Articles - Make this an Autumn Statement for savers

 Savers have been punished as three years of record low interest rates, coupled with inflation, have whittled away the value of their income and capital

 Dr Ros Altmann, a savings and investment expert and former Government adviser, is calling on the Chancellor to put savers at the heart of his Autumn Statement (December 5th) - to help them now, and to encourage everyone to save for the future.

 She has written to George Osborne urging him to do more to help savers and to offer better incentives to those saving for a house deposit, planning for retirement or later life care needs.

 As inflation has stayed high and interest rates have stayed low, savers are finding the money they have set aside is not delivering the income they need.

 Dr Altmann said: "People with savings have often struggled to put that money aside and denied themselves things so that they can have financial independence. It is important that we encourage people to save for their future, but if we continue to punish those who have done so, especially as they reach retirement, younger people will decide it is simply not worth it."

 As director general of Saga, Ros Altmann is an influential advocate for Britain's 21 million over-50s. However she says her suggestions would help all savers, of all ages, and all income levels.

 "Young people saving to buy their first home are also suffering in the current economic climate. The coalition Government has done nothing to help savers. There has been no recognition from the Chancellor of people who've done the right thing, put money aside, wanted to look after themselves and be independent. The Government either doesn't recognise the damage that does, or doesn't care. We would like this Autumn Statement to show that savers are valued. This is what every economy needs."

 Dr Altmann says there are key changes which the Chancellor could make to help ease the problems faced by savers:


 Current ISA rules only allow half the annual £11,280 allowance to be put into cash ISAs. The other half must go into stocks and shares.

 Dr Altmann is urging the Chancellor to change the restrictions so that ISA investors can choose whether to put all their annual ISA allowance in cash, or in stocks and shares, or both, with free transfers between each.

 ISAs are the best option for tax-free savings, outside a pension. However, it makes no sense to force savers to gamble on stocks, if they can't afford to take losses.

 A basic rate taxpayer with £10,000 in a savings account earning 3% interest receives £300 a year in interest. But they then lose £60 of that £300 in tax and are only left with £240 in income. If the rules were changed, the saver would keep all of the £300 interest. This would help them in the same way as an increase in interest rates, but without the same economic impact on other rates.


 Income drawdown is the facility to continue to keep your pension savings invested and take an income each year rather than giving all the money to an insurance company to buy an annuity.

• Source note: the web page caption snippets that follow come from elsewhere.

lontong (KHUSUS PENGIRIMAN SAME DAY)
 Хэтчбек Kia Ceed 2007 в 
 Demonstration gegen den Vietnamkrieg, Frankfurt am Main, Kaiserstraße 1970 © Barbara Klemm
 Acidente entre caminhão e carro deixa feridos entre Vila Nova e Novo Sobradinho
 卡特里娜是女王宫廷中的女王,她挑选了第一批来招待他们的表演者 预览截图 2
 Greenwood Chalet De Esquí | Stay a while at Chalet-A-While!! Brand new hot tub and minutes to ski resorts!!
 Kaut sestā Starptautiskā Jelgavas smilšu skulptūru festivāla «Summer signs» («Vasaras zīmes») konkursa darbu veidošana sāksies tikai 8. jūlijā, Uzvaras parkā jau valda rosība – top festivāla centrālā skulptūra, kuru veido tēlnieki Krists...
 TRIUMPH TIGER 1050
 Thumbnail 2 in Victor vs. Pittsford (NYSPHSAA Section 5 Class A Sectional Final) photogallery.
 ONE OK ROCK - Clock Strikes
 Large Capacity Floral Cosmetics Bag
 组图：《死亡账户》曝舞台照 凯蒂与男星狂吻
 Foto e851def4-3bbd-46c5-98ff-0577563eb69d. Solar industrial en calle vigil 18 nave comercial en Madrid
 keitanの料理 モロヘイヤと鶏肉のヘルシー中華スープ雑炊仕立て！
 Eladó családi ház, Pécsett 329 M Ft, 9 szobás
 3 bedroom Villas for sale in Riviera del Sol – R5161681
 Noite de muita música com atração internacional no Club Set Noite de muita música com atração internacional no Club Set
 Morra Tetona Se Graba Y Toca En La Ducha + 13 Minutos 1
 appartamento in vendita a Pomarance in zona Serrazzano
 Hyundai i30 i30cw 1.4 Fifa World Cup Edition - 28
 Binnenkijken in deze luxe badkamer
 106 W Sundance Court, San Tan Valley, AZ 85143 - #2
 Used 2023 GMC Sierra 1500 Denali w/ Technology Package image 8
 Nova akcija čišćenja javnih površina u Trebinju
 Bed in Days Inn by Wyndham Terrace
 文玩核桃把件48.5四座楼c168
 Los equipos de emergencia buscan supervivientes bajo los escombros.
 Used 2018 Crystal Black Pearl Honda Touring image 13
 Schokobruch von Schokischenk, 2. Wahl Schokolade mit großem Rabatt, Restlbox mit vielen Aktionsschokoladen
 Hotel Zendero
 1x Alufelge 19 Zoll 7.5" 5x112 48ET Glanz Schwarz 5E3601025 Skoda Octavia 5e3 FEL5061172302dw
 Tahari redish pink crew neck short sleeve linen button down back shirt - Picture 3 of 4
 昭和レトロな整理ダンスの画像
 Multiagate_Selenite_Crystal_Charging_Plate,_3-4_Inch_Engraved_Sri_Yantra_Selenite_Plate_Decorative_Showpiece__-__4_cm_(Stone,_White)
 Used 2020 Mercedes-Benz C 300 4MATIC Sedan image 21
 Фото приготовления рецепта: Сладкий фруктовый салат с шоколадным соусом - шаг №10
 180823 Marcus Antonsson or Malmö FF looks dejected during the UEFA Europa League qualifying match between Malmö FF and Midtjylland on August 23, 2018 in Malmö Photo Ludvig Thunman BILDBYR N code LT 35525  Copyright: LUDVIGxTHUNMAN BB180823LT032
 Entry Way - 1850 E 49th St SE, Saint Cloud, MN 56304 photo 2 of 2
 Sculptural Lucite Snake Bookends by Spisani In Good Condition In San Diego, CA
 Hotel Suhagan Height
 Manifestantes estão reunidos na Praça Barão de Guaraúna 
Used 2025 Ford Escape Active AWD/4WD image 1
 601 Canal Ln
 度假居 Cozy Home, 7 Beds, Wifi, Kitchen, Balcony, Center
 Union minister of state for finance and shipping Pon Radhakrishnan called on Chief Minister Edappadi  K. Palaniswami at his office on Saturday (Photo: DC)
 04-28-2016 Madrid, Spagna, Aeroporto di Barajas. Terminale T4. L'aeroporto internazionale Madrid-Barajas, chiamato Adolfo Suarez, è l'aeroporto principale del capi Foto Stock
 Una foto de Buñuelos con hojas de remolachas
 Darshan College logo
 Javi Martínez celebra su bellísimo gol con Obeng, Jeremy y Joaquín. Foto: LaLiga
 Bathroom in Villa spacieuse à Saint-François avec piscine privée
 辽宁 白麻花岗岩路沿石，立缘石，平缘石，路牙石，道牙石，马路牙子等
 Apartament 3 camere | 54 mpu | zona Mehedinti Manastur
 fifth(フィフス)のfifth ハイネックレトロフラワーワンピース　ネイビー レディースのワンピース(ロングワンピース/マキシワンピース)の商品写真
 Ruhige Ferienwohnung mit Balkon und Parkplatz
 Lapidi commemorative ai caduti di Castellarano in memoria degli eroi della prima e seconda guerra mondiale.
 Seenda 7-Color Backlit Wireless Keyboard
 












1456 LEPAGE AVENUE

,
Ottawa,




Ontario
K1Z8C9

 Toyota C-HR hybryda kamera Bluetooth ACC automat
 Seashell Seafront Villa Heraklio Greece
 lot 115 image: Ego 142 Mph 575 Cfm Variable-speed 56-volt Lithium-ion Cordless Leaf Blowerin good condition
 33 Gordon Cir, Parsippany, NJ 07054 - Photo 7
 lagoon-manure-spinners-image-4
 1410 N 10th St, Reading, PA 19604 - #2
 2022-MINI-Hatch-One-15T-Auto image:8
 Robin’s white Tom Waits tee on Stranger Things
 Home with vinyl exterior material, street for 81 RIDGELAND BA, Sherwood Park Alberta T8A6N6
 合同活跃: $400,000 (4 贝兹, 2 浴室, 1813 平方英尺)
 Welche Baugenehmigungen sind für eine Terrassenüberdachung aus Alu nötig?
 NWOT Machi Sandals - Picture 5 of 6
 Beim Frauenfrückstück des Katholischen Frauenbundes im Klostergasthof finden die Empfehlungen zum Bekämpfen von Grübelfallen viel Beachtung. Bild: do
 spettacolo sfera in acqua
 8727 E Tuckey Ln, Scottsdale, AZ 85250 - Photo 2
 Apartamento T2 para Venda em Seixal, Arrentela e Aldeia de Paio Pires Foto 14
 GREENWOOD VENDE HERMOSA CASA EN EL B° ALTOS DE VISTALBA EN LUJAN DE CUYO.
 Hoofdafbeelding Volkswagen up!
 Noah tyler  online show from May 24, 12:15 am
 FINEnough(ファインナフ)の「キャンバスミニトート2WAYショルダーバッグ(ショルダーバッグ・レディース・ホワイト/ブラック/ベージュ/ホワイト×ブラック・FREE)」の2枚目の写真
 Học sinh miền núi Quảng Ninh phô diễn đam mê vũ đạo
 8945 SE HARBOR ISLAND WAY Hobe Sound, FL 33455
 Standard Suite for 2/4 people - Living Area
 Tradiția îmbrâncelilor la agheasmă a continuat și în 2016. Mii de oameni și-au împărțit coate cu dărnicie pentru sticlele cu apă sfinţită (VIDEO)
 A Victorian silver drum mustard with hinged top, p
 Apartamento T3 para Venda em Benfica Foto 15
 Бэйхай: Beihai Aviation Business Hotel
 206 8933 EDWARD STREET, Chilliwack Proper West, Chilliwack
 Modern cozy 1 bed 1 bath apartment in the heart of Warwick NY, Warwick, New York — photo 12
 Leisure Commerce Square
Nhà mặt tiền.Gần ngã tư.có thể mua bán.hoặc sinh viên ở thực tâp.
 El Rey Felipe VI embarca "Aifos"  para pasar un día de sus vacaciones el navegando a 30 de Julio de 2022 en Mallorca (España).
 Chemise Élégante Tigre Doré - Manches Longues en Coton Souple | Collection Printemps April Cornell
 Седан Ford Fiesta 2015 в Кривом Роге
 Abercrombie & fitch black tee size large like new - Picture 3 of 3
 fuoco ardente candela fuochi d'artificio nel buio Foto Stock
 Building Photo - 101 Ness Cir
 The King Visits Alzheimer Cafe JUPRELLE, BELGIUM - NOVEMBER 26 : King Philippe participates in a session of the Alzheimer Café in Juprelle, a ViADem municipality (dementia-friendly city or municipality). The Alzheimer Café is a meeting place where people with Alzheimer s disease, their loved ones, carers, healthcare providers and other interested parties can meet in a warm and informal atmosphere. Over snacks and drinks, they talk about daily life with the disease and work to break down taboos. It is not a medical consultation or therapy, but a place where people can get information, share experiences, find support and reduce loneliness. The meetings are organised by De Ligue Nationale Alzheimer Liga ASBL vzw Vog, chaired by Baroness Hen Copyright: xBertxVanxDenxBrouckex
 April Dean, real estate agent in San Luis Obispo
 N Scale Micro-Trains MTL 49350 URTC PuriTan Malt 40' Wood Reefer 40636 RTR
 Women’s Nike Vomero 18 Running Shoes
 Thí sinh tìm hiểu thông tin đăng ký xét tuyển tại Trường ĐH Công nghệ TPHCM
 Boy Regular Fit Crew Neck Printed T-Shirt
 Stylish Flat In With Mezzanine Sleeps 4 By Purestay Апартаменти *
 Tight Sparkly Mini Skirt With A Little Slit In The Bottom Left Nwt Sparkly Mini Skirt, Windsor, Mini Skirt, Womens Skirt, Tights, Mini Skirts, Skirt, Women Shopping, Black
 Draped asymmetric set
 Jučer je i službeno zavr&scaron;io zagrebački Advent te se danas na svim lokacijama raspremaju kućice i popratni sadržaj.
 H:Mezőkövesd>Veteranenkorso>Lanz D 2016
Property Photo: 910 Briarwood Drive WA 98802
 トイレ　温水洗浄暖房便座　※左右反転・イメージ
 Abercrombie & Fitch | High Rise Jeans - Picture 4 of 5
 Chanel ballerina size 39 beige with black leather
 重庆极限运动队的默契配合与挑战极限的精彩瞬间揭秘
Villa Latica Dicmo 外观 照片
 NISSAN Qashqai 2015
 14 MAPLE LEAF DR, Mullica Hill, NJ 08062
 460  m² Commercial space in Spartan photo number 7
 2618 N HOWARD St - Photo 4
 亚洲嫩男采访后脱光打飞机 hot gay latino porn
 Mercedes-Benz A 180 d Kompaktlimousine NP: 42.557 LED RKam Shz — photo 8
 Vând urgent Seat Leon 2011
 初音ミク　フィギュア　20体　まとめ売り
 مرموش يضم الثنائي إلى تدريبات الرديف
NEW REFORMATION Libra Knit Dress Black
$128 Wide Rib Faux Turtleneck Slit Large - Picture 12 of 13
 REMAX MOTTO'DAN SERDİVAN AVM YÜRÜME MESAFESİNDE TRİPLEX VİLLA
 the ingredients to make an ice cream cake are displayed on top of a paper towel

 In the past three years the Treasury and The Bank of England have introduced policy changes to income drawdown which have slashed the private pension income of many retired people by more than a third.

 For example, the maximum annual income a 65-year-old man could draw from a £100,000 capped drawdown pension fund has fallen from £7,920 in August 2009, to £5,300 in August this year and for a 65-year old woman has reduced from £7,440 to £4,900.

 These moves have undermined confidence and trust in pensions. Saga has been inundated with letters and emails from distraught and angry pensioners who have saved hard and expected their pension savings to support their retirement lifestyle. Now, despite having plenty of money in their fund, the government's rules won't allow them to spend it. There is not even any allowance for those in poorer than average health.


 We are heading towards a care crisis. With an aging population, it is essential that people save for care they may need in later life. The government needs to encourage people to address this issue, with incentives for them to save and invest so that they will be able to pay for adequate care.

 "We urge the Government to introduce a new lifetime Care Savings Allowance to encourage tax free savings towards care up to £30,000. This can be used to pay for care for themselves or their relatives, so that families can save for each other's care if they wish to. Even if care funding is radically reformed in the future, it is very likely that individuals will still have to fund a large portion of their care costs themselves so it is vital that we help people put money aside in case they need it."


 Local authority pension funds have £150 billion of assets and significant sums are invested in gilts. Instead of buying government bonds, the Chancellor should encourage the money to be invested in infrastructure and construction projects which would directly stimulate growth. The economy needs money invested to boost recovery. Pension funds have money and need good returns to overcome deficits. Why not use this money to create jobs and growth and help improve pension funding? Local authority schemes are ultimately a taxpayer liability anyway and scheme deficits will reduce if the economy recovers.

 Dr Altmann says that helping savers would also stimulate economic growth. Rather than continually giving more money to borrowers to help them afford their huge debts we need to focus on savers to help generate an economic recovery.

 "The Chancellor needs to do things directly to boost the economy; infrastructure projects, building new houses and even lending directly to small firms which are being staved of credit. Let's make this an Autumn Statement for savers, young and old, and use the savings we've got in our economy to help growth."